◆ WORK TO COMPLETE: Make an exact copy of the data below, leaving out every picture.

◆ DATA SHOWN:
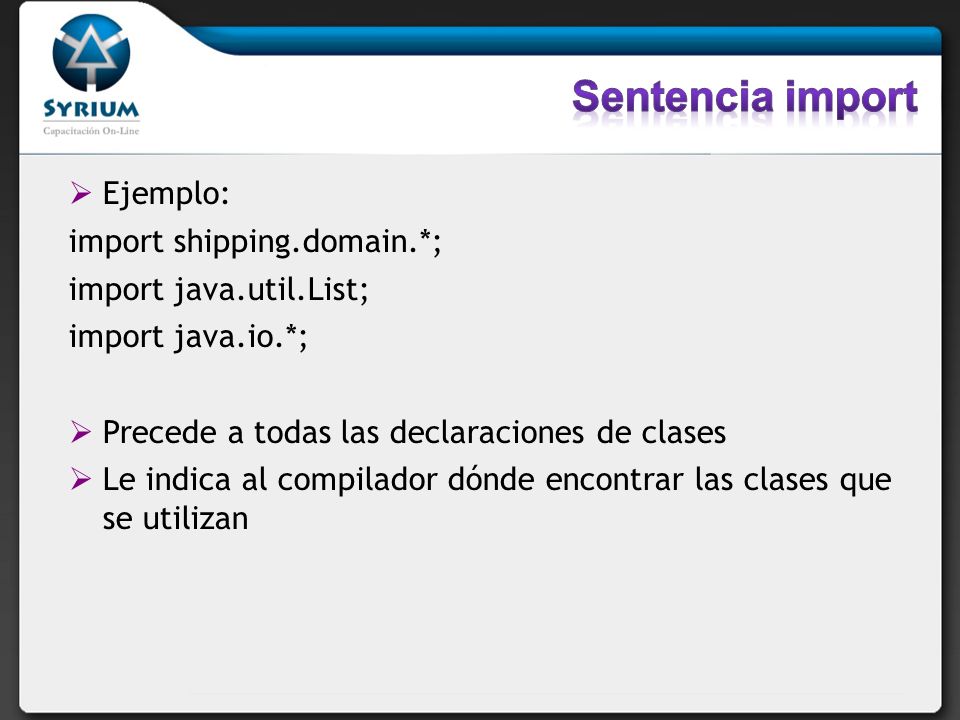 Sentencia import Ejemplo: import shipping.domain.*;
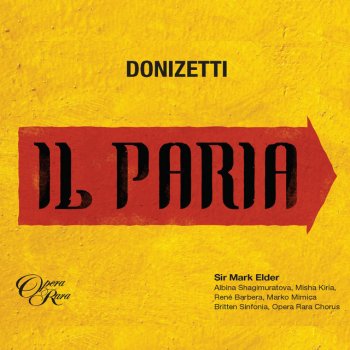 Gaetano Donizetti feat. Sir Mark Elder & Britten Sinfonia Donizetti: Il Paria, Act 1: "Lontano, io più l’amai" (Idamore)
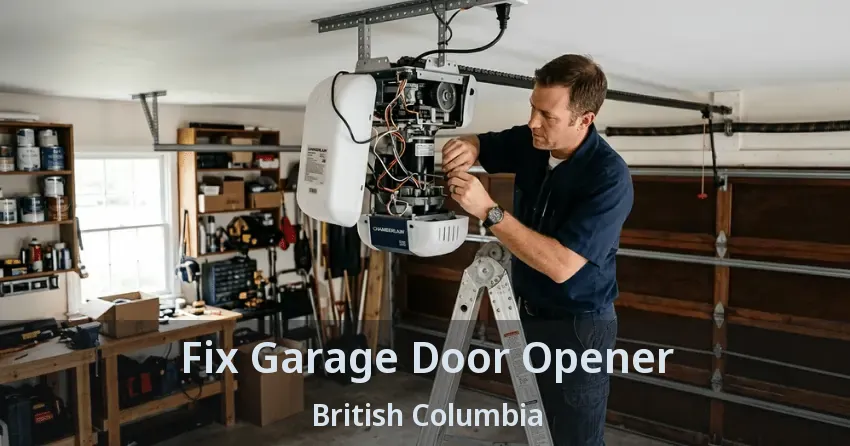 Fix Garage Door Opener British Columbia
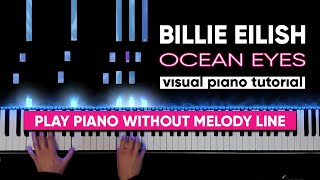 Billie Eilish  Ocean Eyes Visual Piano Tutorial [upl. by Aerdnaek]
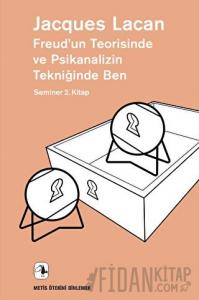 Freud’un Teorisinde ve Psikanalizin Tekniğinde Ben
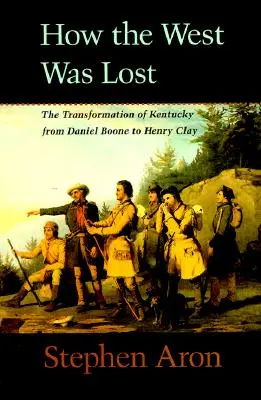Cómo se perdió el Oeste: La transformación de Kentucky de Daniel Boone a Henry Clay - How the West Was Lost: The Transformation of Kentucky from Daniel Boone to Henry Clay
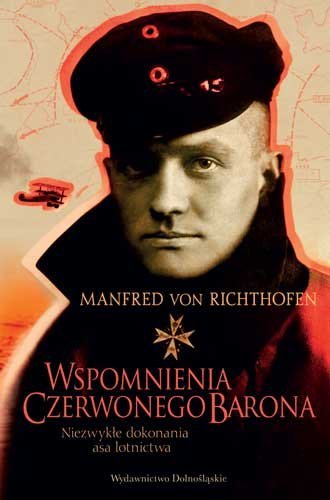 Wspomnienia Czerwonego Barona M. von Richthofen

◆ TASK ANSWER:
 Sentencia import Ejemplo: import shipping.domain.*;
 Gaetano Donizetti feat. Sir Mark Elder & Britten Sinfonia Donizetti: Il Paria, Act 1: "Lontano, io più l’amai" (Idamore)
 Fix Garage Door Opener British Columbia
 Billie Eilish  Ocean Eyes Visual Piano Tutorial [upl. by Aerdnaek]
 Freud’un Teorisinde ve Psikanalizin Tekniğinde Ben
Cómo se perdió el Oeste: La transformación de Kentucky de Daniel Boone a Henry Clay - How the West Was Lost: The Transformation of Kentucky from Daniel Boone to Henry Clay
 Wspomnienia Czerwonego Barona M. von Richthofen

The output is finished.